Antimicrobial serves as lactate alternative in meat
May 7, 2012
by Jeff Gelski
DES MOINES, IOWA — Kemin has launched BactoCease, a propionic acid-based antimicrobial designed to protect ready-to-eat meat and poultry products from Listeria monocytogenes.
BactoCease is available for use commercially with an in-plant waiver. A petition has been submitted to the U.S. Department of Agriculture’s Food Safety and Inspection Service that requests the listing of liquid sodium propionate as an acceptable antimicrobial agent for use in ready-to-eat meat and poultry products. The petition was published in the Federal Register on May 7.

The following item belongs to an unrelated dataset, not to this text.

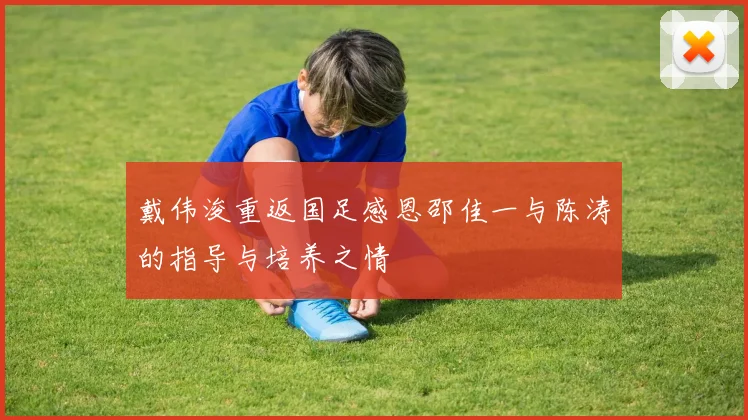 戴伟浚重返国足感恩邵佳一与陈涛的指导与培养之情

“Until now, meat manufacturers have only had one primary option for Listeria control — lactates,” said William Schroeder, Ph.D., director of research and development for the food technologies division of Des Moines-based Kemin. “BactoCease is a cost-effective lactate alternative on the market that has scientifically sound research demonstrating excellent, more consistent performance in controlling Listeria in R.-T.-E. meat and poultry when compared to lactates.”
According to Kemin, multiple replications performed in turkey, ham and roast beef showed BactoCease consistently inhibited Listeria for an average of 10 to 12 weeks, depending on the meat application. BactoCease has no negative impact on flavor of ready-to-eat meat and poultry products, according to the company.